Problem. Could you copy exactly the lines below, beginning at the line with "Nissan Sunny XV 2018" and stopping after the line with "Presiden PS Palembang, Ratu", with no pictures?

Supplied information.
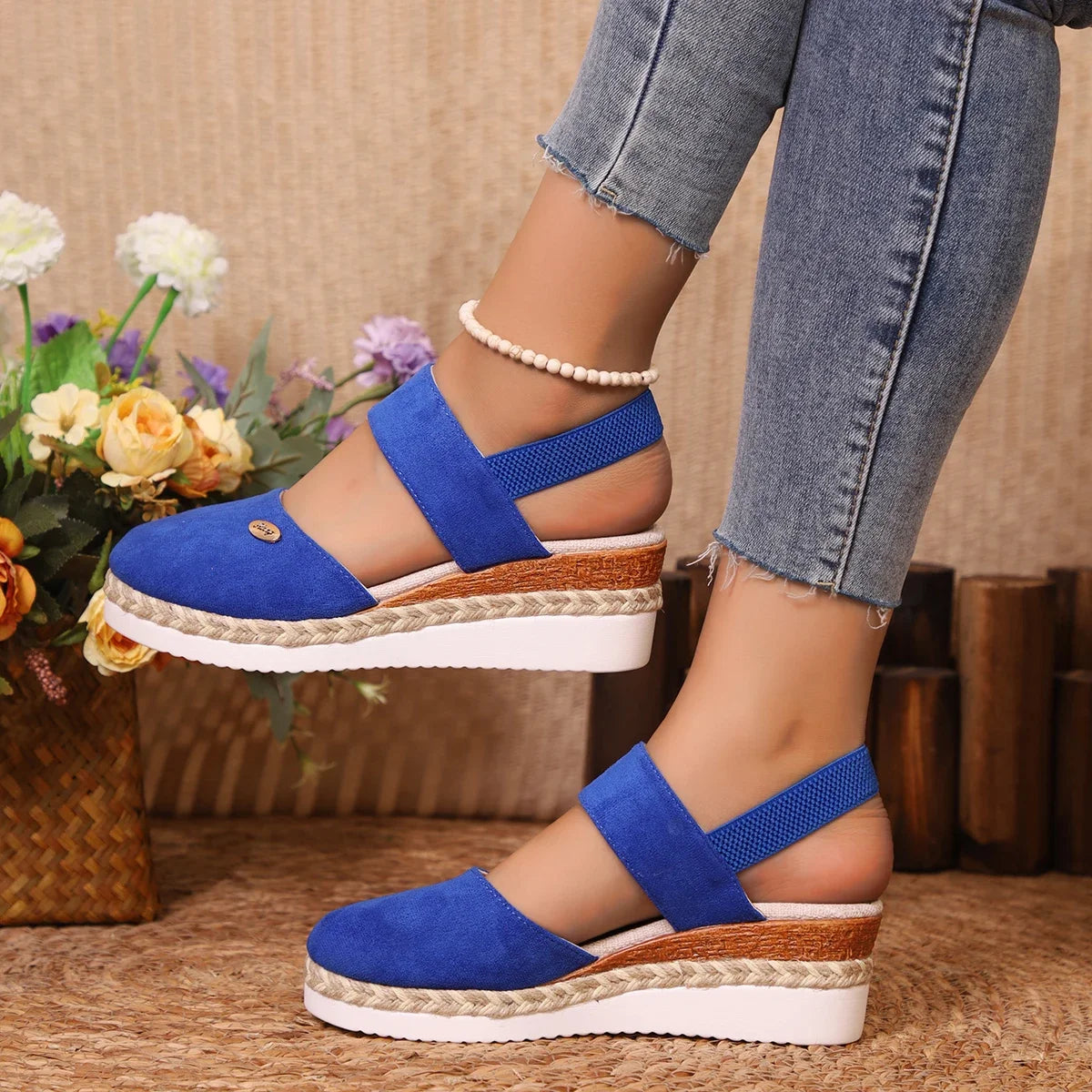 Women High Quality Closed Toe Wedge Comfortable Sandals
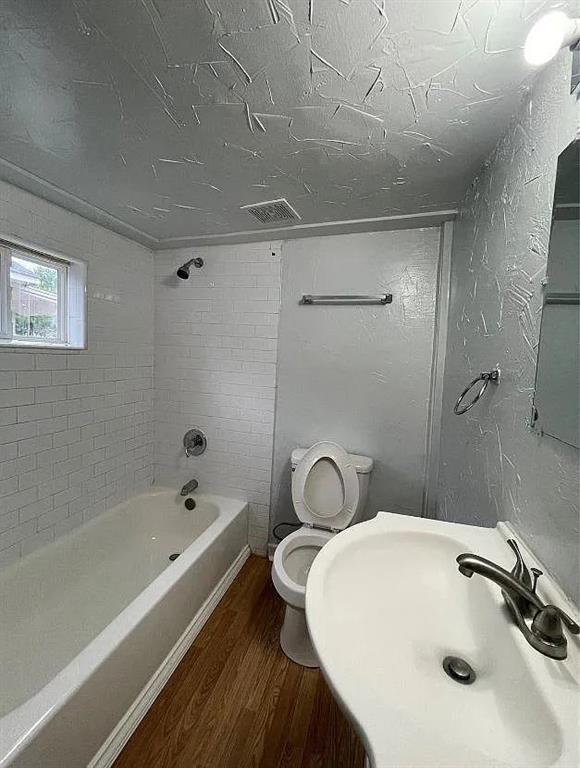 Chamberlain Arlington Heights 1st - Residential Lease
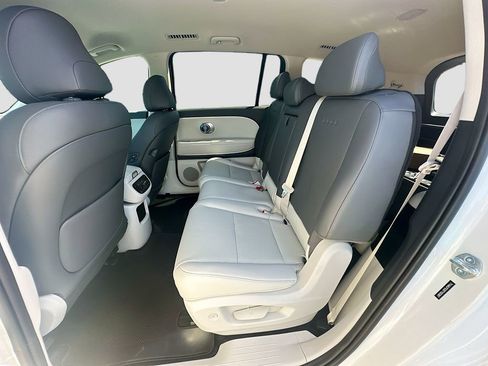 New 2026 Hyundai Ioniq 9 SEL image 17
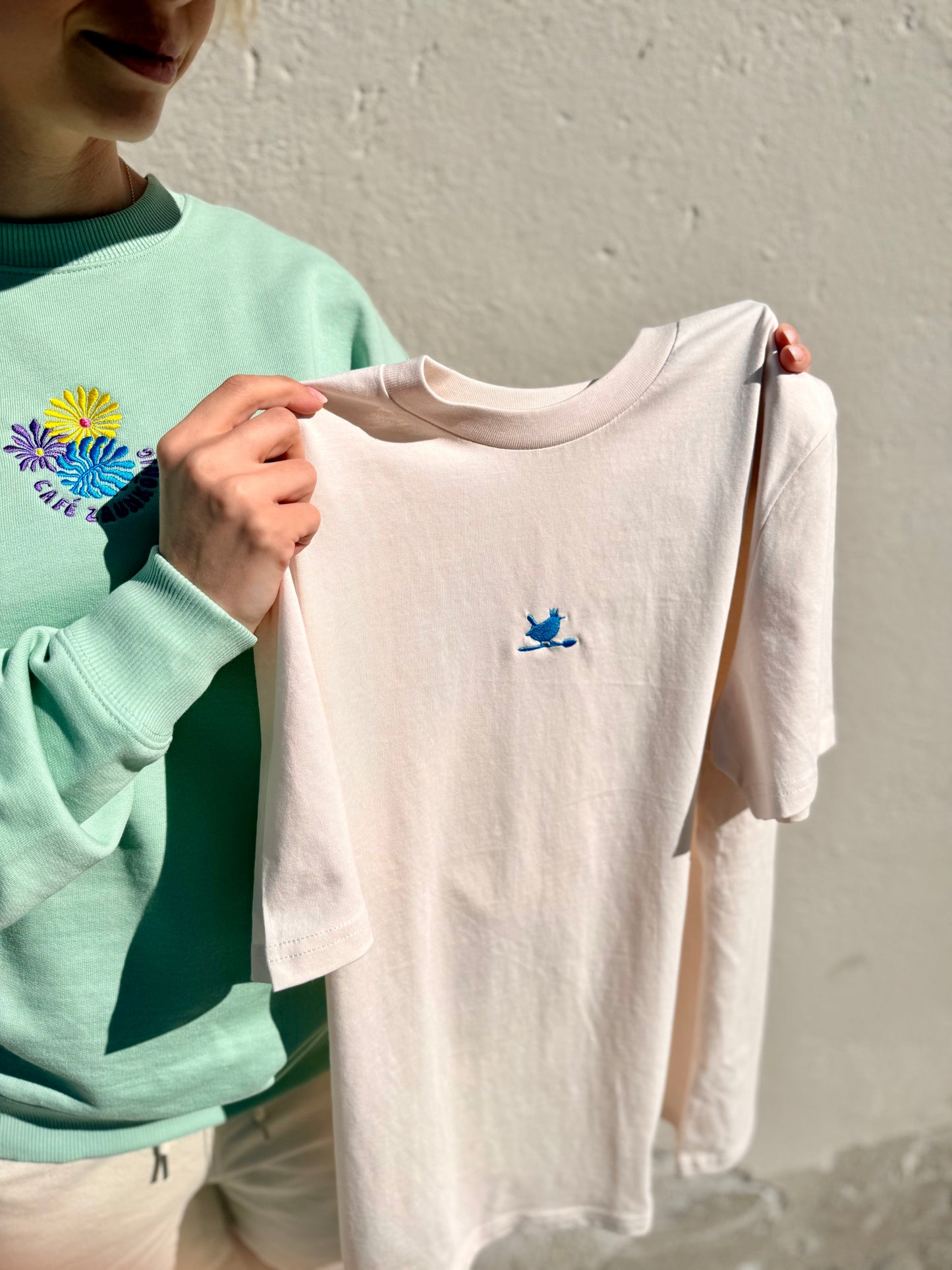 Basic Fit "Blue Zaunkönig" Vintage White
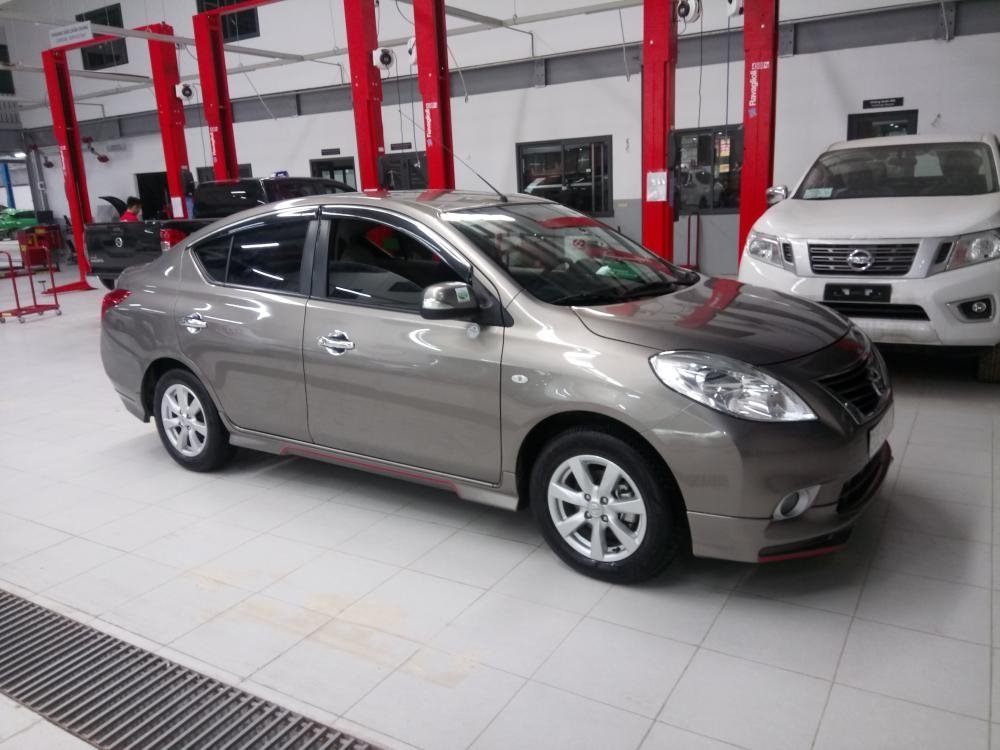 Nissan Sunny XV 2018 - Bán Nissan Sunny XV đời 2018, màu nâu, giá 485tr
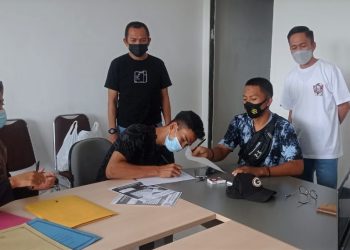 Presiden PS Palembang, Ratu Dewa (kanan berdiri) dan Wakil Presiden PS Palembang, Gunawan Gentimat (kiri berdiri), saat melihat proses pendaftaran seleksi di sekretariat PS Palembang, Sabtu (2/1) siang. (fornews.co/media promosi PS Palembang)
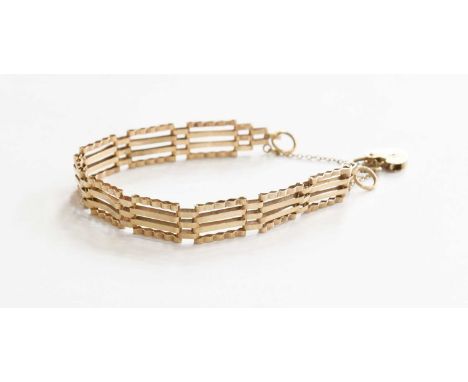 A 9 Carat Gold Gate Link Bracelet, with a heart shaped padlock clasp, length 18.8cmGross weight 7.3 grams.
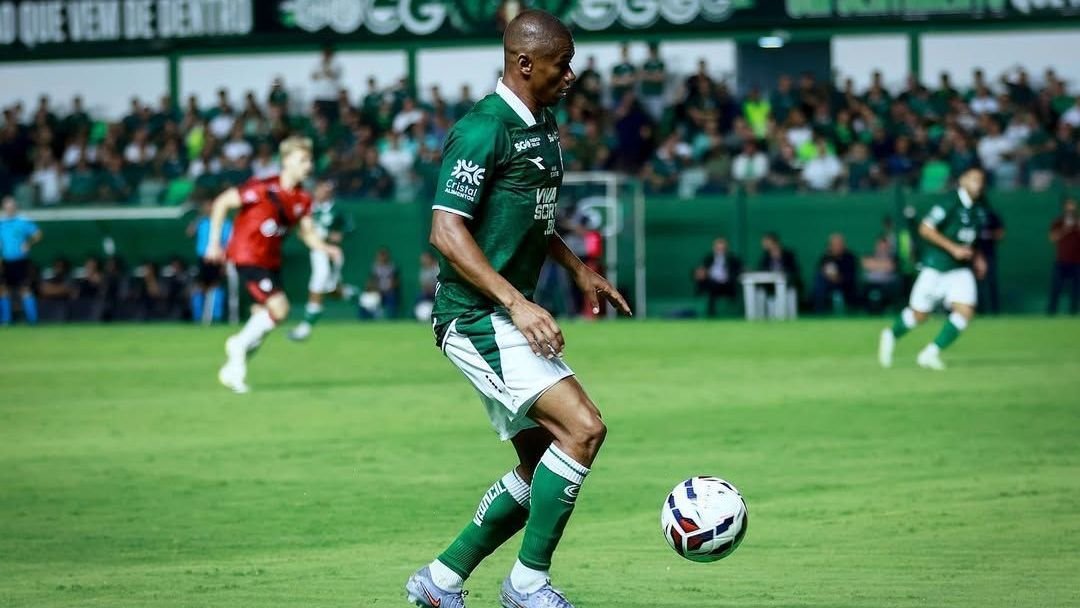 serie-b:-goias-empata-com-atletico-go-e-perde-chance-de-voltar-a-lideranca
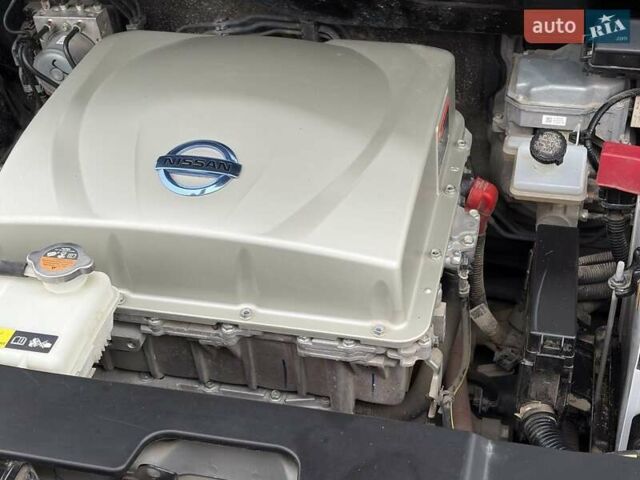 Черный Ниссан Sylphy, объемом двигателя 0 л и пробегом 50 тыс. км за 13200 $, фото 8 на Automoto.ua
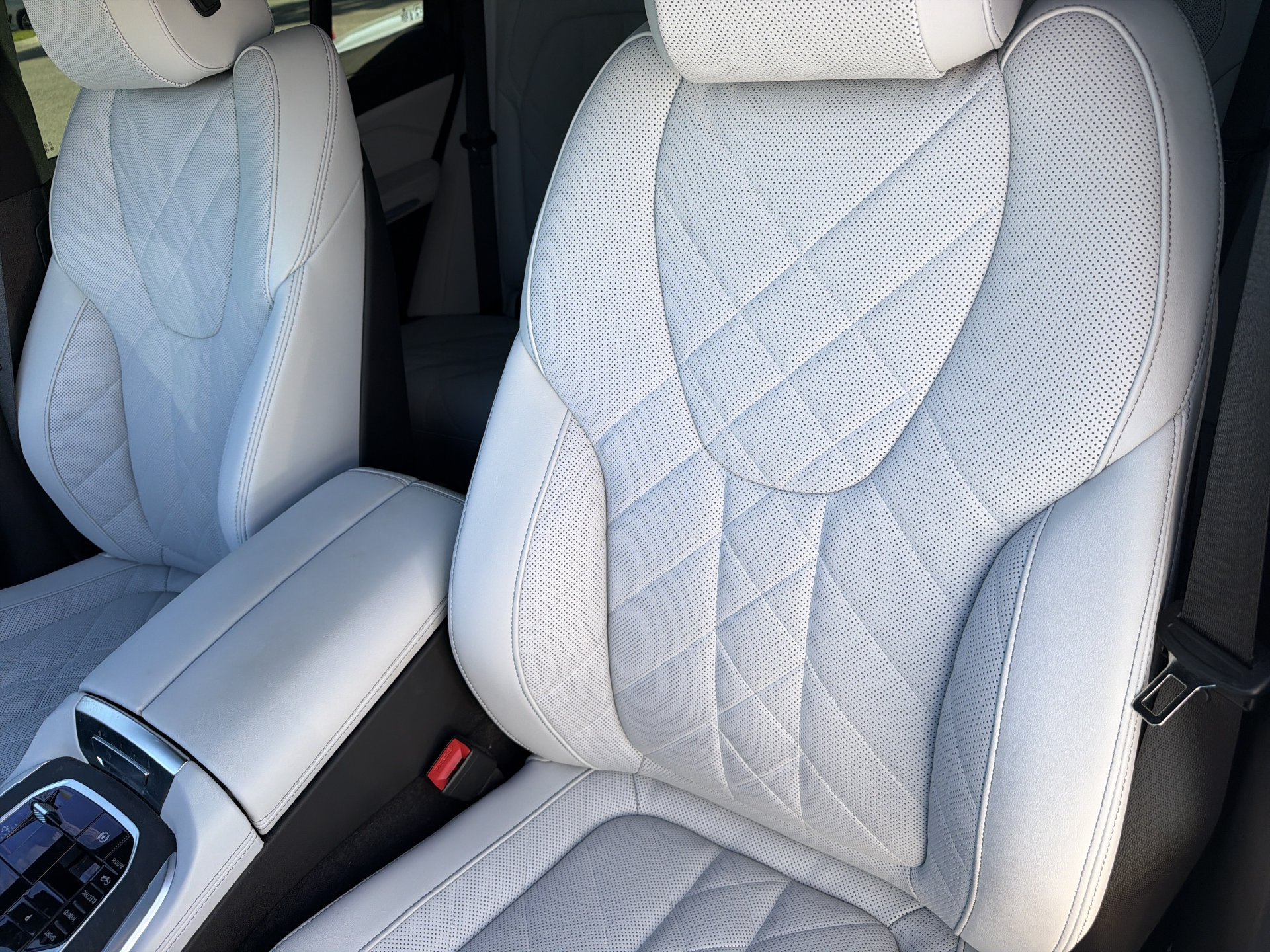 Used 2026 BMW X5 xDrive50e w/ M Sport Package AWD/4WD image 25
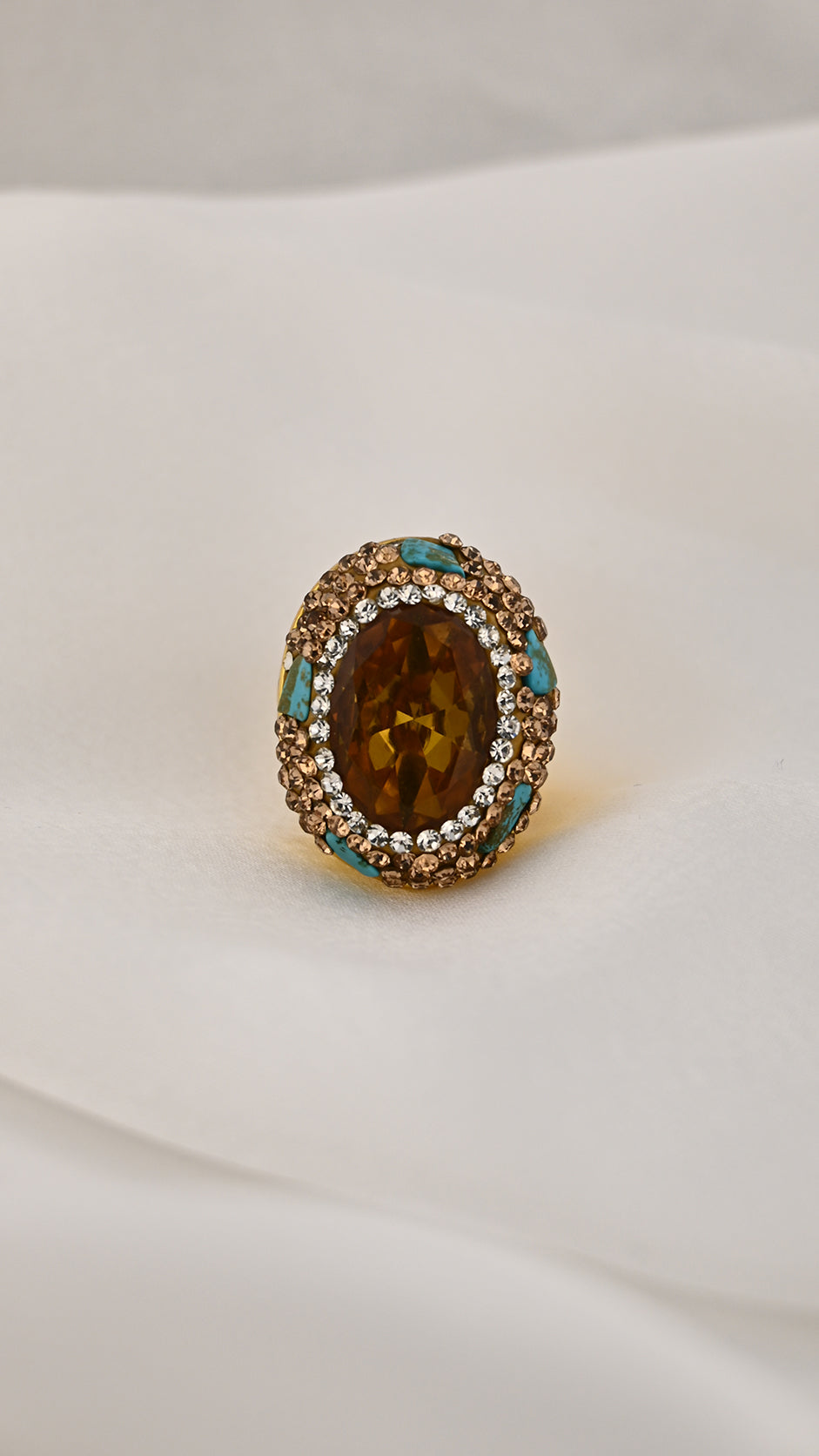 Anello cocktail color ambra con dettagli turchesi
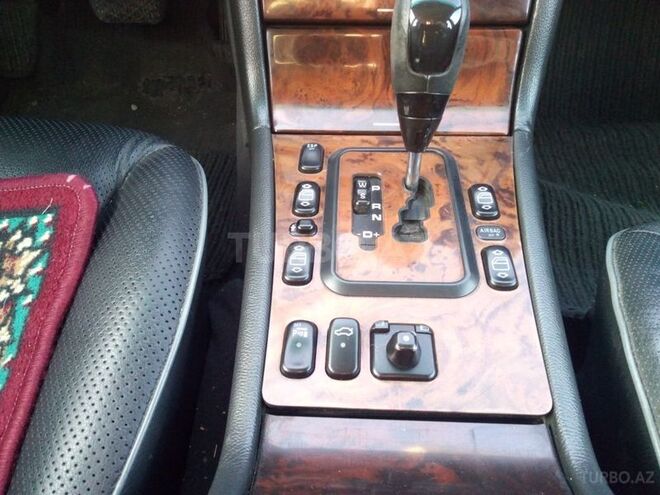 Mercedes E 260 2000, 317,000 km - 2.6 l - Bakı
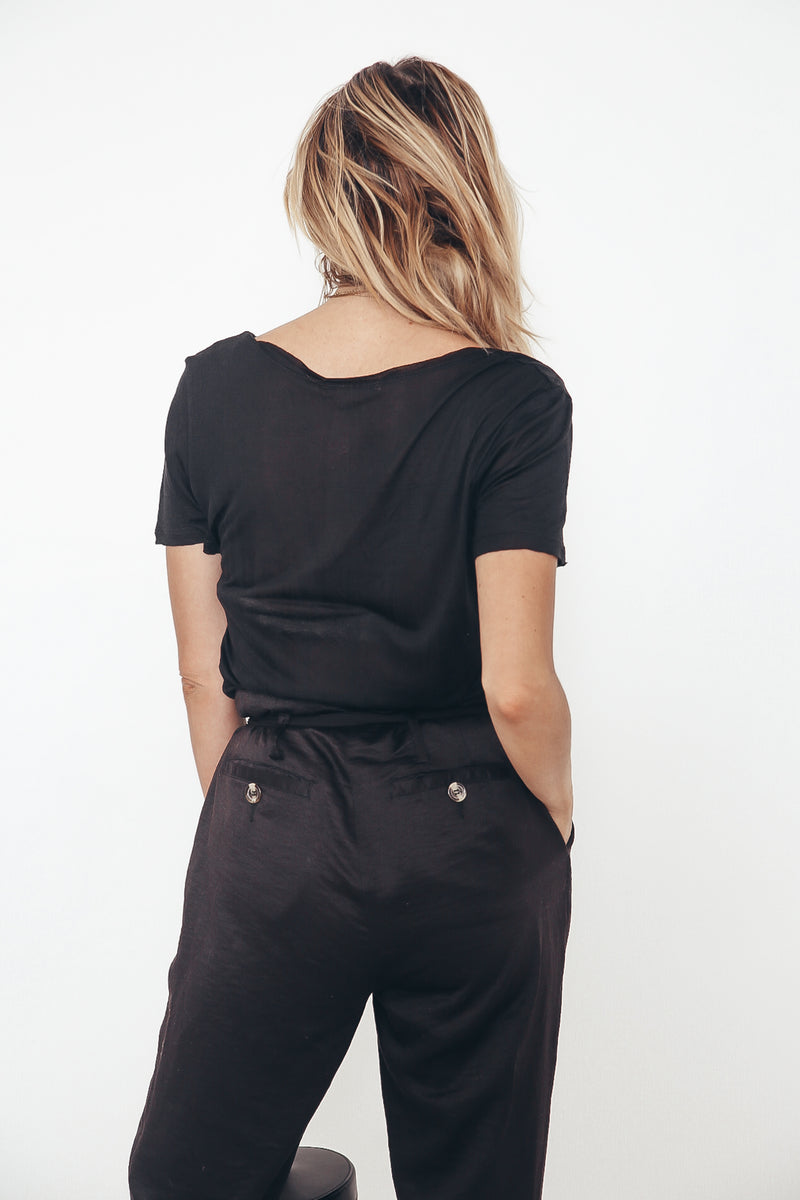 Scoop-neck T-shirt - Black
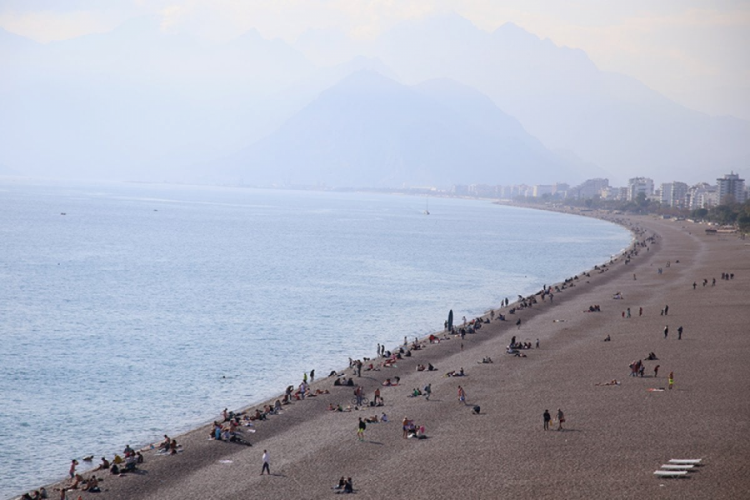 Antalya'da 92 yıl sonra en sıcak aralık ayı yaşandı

Exercise output.
 Nissan Sunny XV 2018 - Bán Nissan Sunny XV đời 2018, màu nâu, giá 485tr
 Presiden PS Palembang, Ratu Dewa (kanan berdiri) dan Wakil Presiden PS Palembang, Gunawan Gentimat (kiri berdiri), saat melihat proses pendaftaran seleksi di sekretariat PS Palembang, Sabtu (2/1) siang. (fornews.co/media promosi PS Palembang)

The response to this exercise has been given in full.